Recent rain may have come too late to help yield potential in drought-stricken cereal crops, but it has helped them look better and may still help yield.

Spring crops, especially barley, have stretched in the past fortnight, but this may not yield additional straw.

While yield potential has not been increased, grain fill could benefit now that there is more life in crops.

Most winter crops fared better in the drought and good winter crops down south look promising. But further north, there are winter barley crops on light land that are over 80% dead since the drought.

It is hardly surprising that an abnormal year would result in unusual problems.

While spring crops in thesouth look promising, spring barley still looks thin and ear count measurements report around 750/m2 (75% of normal). But ear size seems bigger, and better than average grain fill would help to plug the yield gap.

Up north, spring crops have more problems. Some thin barley crops have a lot of late green tillers, which could cause problems at harvest. They can slow combining and baling, or cause high moisture or crop rejection due to green grains.

Spring wheat has suffered badly too.

Some crops are very uneven and little more than 40cm tall. Signs of drought are everywhere.

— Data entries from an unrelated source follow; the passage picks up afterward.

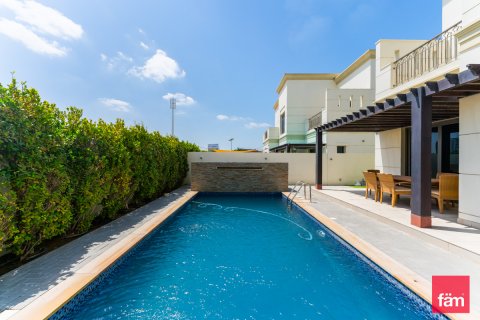 Huvila Al Furjan, Dubai, Arabiemiraatit 6 makuuhuonetta, 610 m2 № 689400 - kuva 25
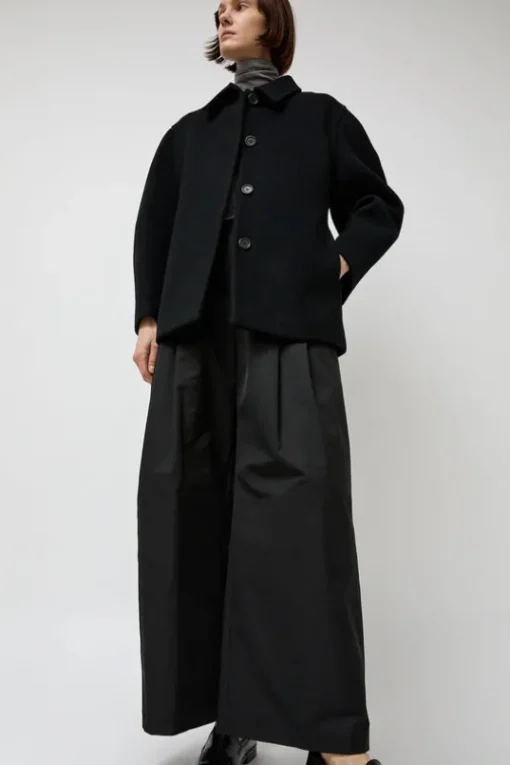 Hourglass Half Coat in Black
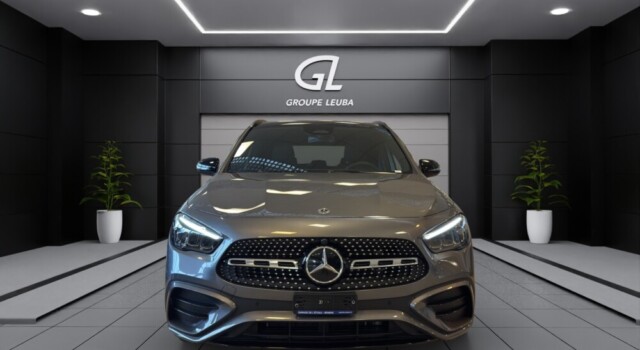 MERCEDES-BENZ GLA 200 Night Star 7G-DCT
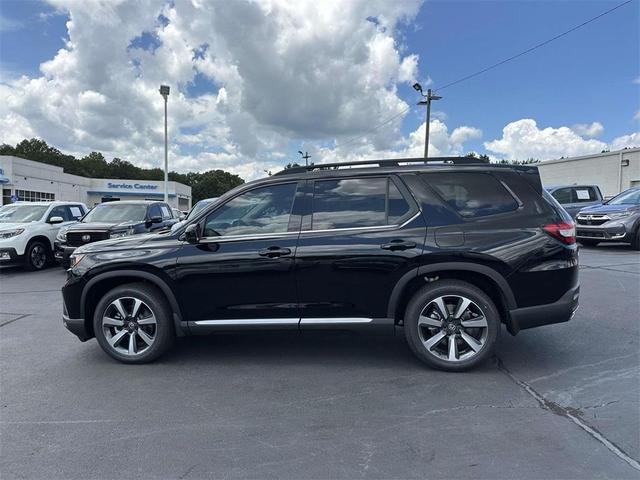 Photo of 2025 Crystal Black Pearl Honda Pilot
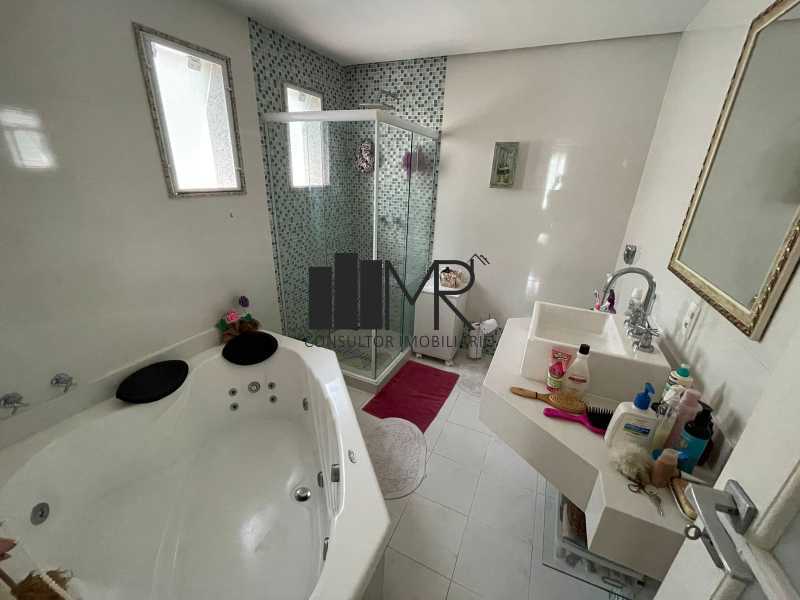Conheça Banheiro do imóvel - Casa em Condomínio à venda Avenida Aldemir Martins, Recreio dos Bandeirantes, Rio de Janeiro - R$ 2.800.000 - RM20 - 25 Banheiro - 25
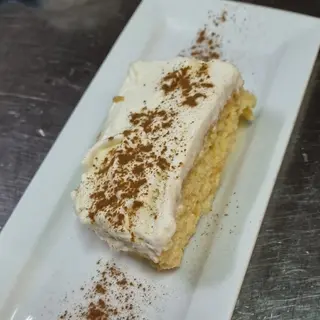 Tarta De Tres Leche (Porción)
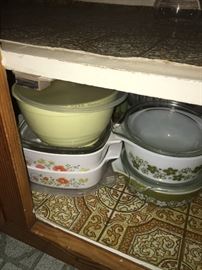 pyrex and anchor hocking sets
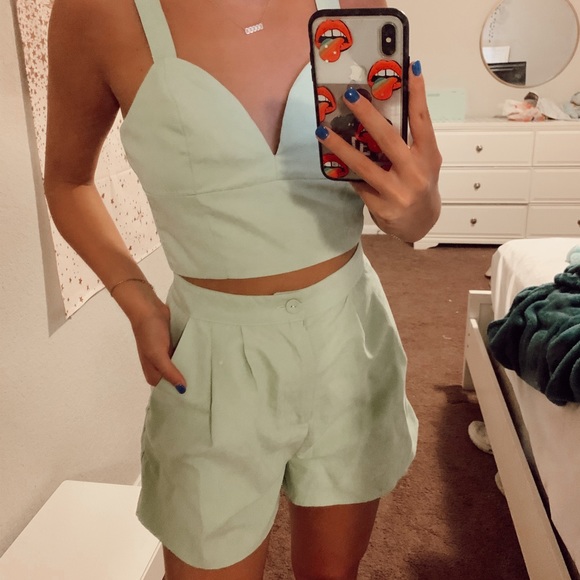 Green Tank & Short Set - Picture 2 of 2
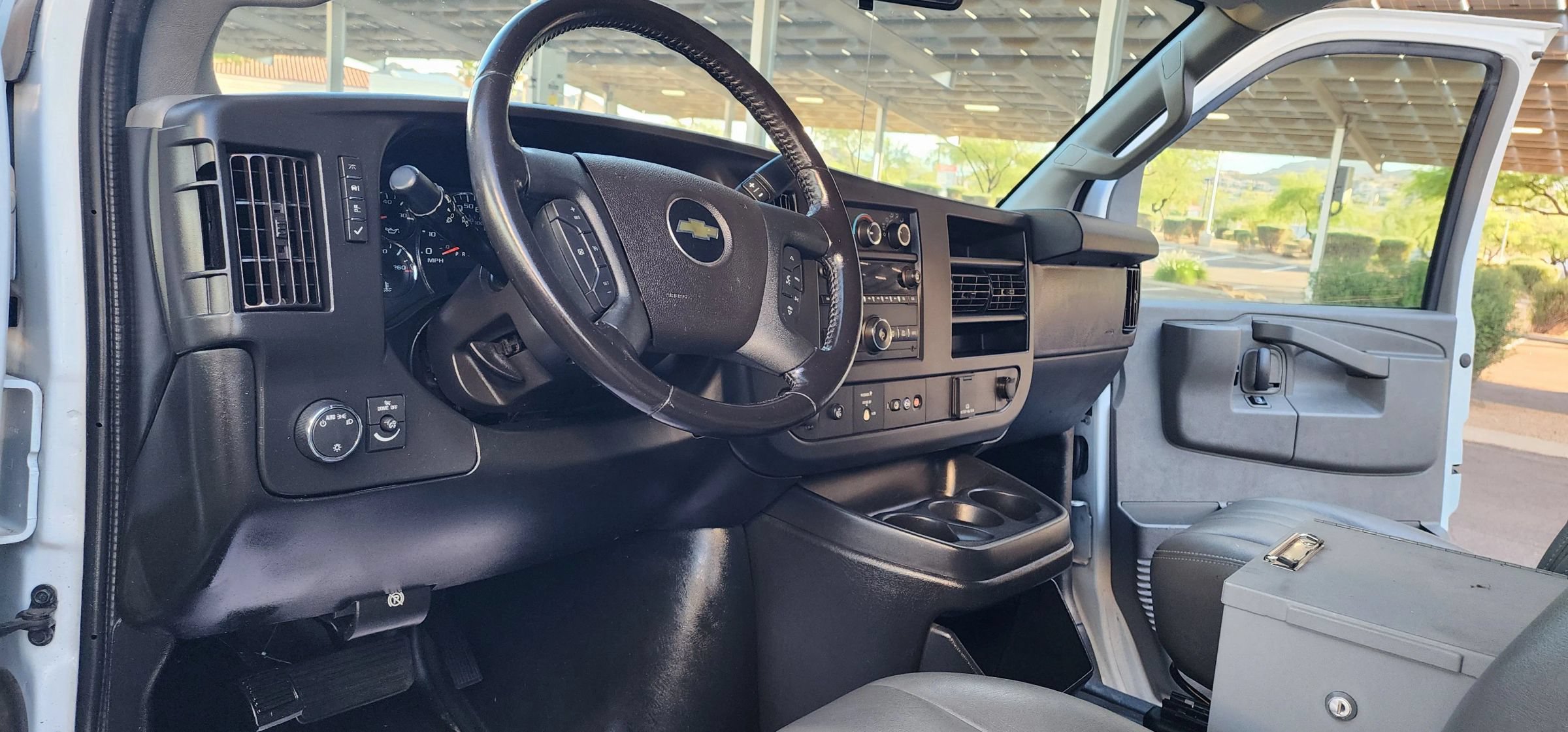 Used 2020 Chevrolet Express 2500 w/ Driver Convenience Package RWD image 13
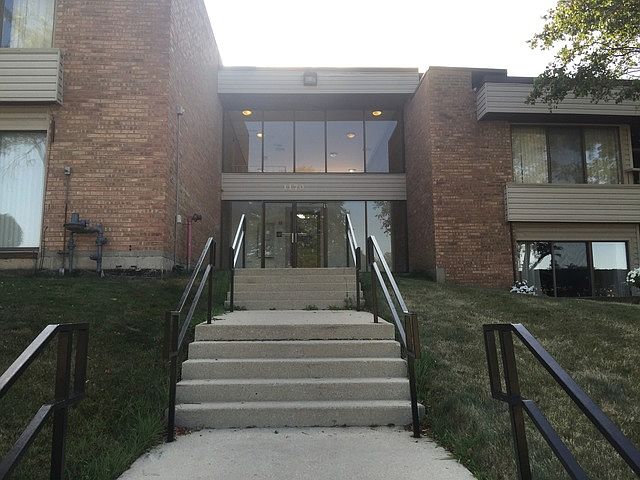 1st image of 915 N Countryside Dr APT 212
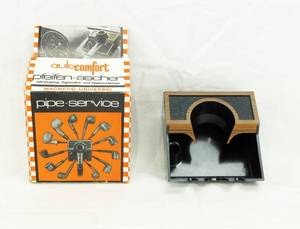 lot 120 image: Vintage Auto Comfort Pipe Holder and Ashtray Magnetic Universal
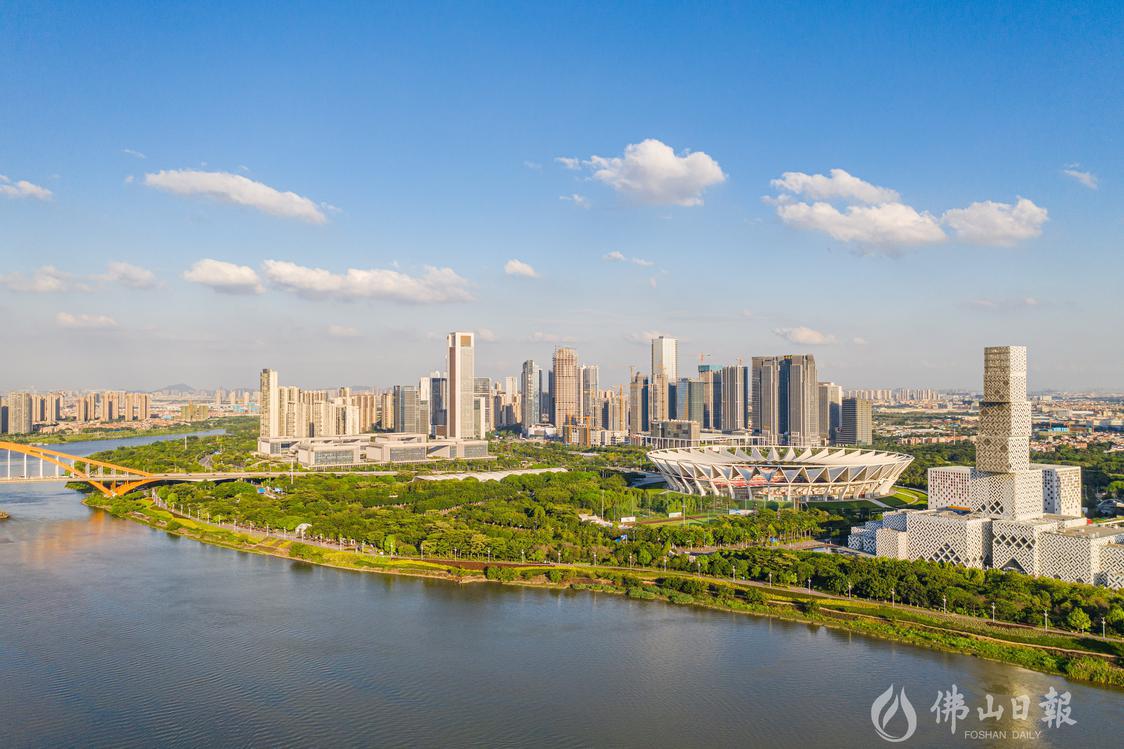 2021年，三龙湾东平新城河段1。佛山日报记者周春.jpg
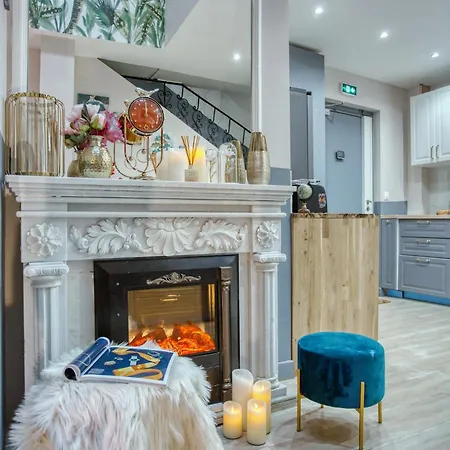 Elegant Triplex In - Ideal For 10 - Aircon Apartment *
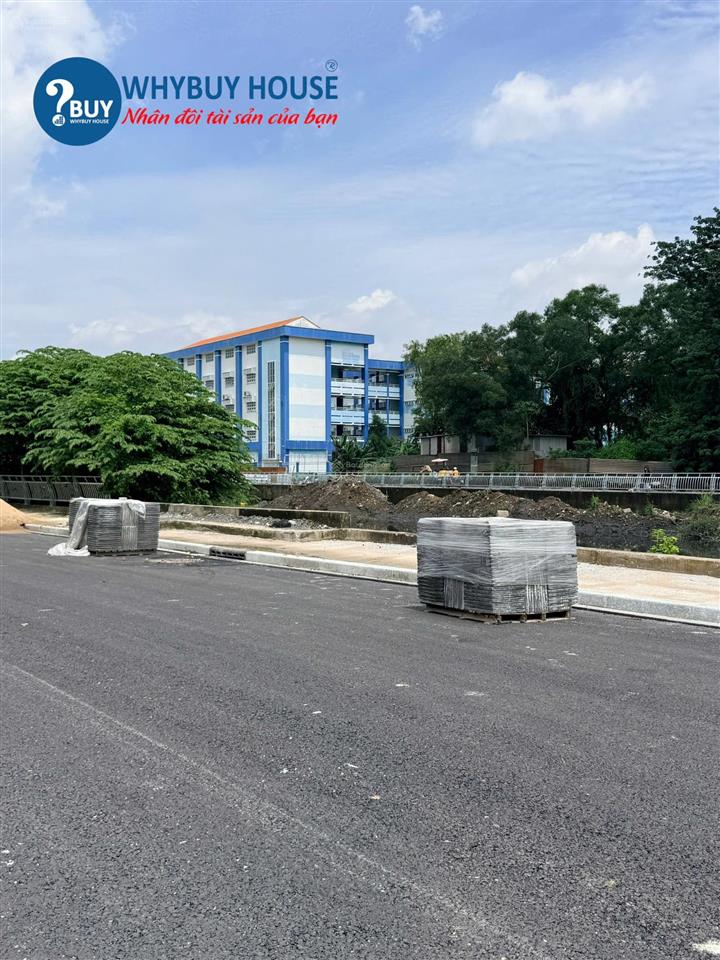 Bán đất sổ đỏ liền kề kênh tham lương, 4x16m, sổ đỏ, đường 10m, giá 5.5 tỷ/nền (gần cc thái an).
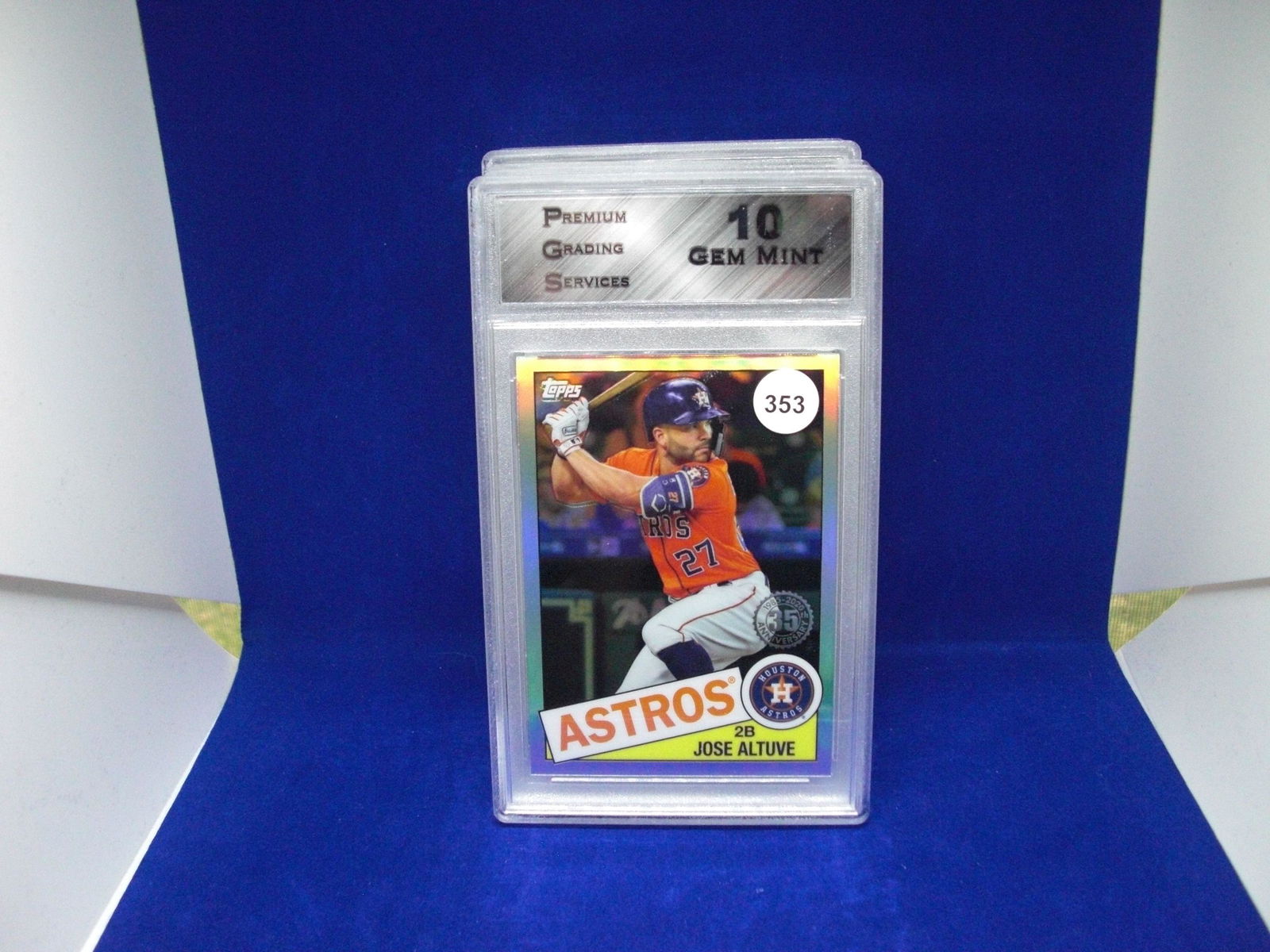 PGS 10 Jose Altuve refractor (1 of 1)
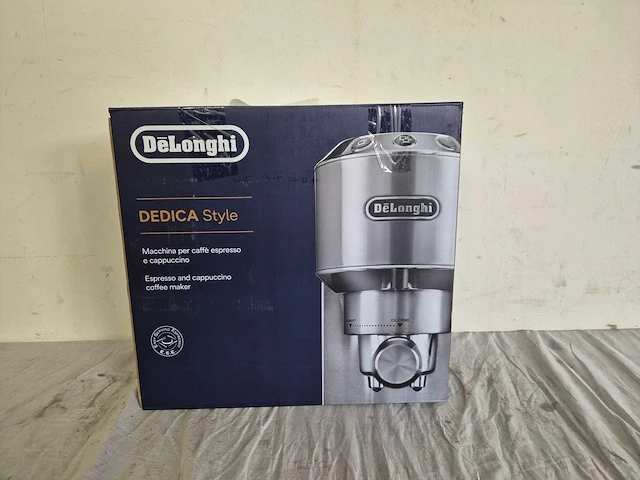 De'longhi dedica style ec685.m - pistonmachine - metal - afbeelding 2 van  2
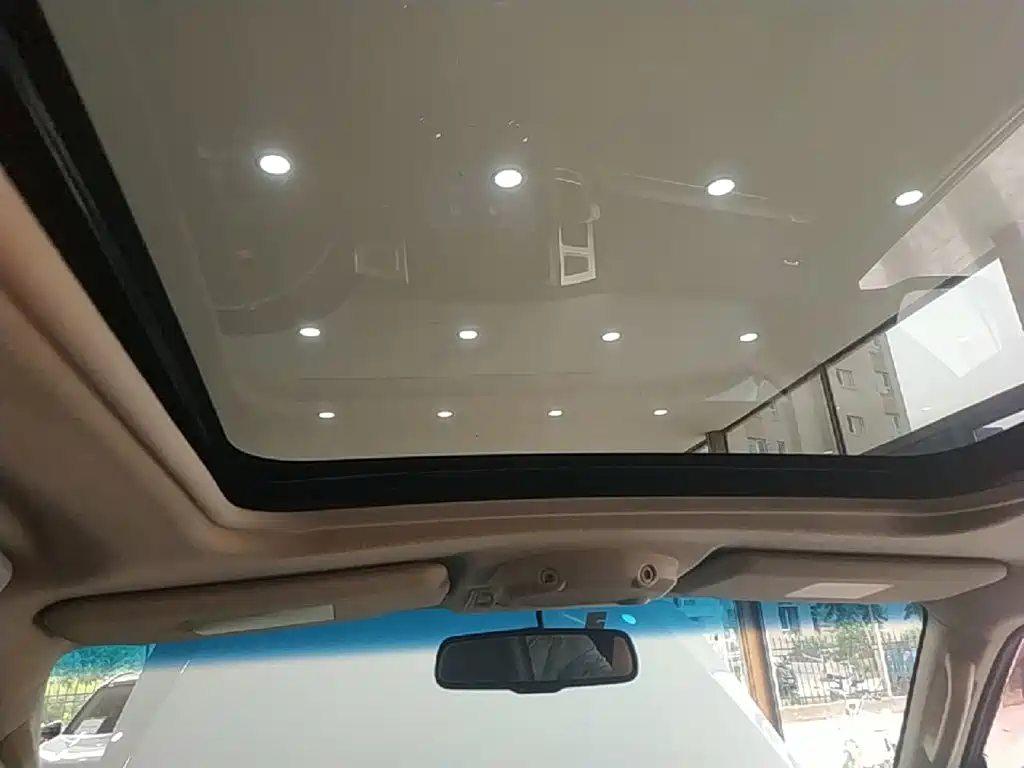 Mitsubishi Pajero (Import) — фото 18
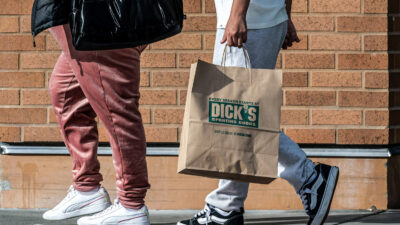 Dick’s Sporting Goods on Tuesday said it’s expecting 2025 profits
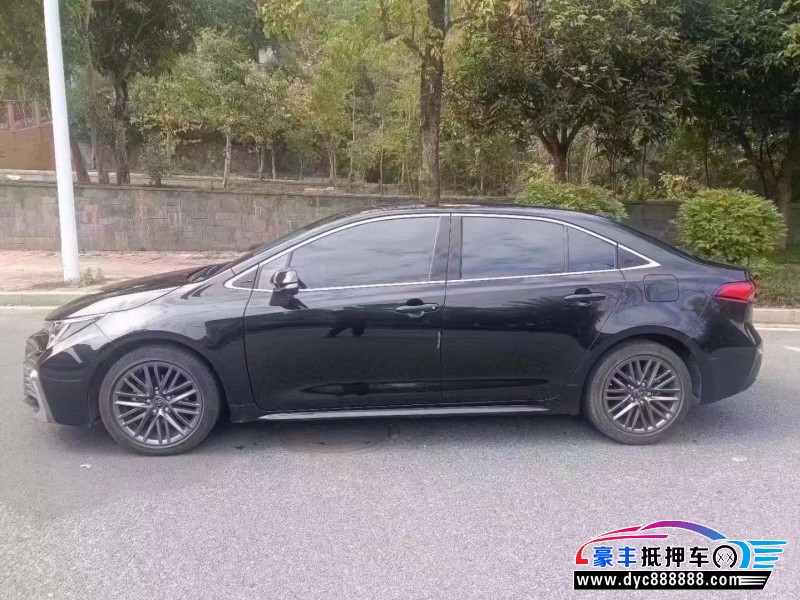 22年丰田凌尚轿车抵押车出售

Late frost also caused damage.

This is evident in winter barley as sterile grains and partially sterile ears in wheat, which can be seen in some early patches of winter wheat and some spring wheat.

Damaged heads are 70% to 80% sterile. Frost during ear emergence killed the softest part of the developing ears.

Spring beans are also badly hit in some drought areas. Pod set was badly restricted. Some crops have little more than 20cm of podding zone and barely a dozen pods per plant. But the lowest pods are well off the ground.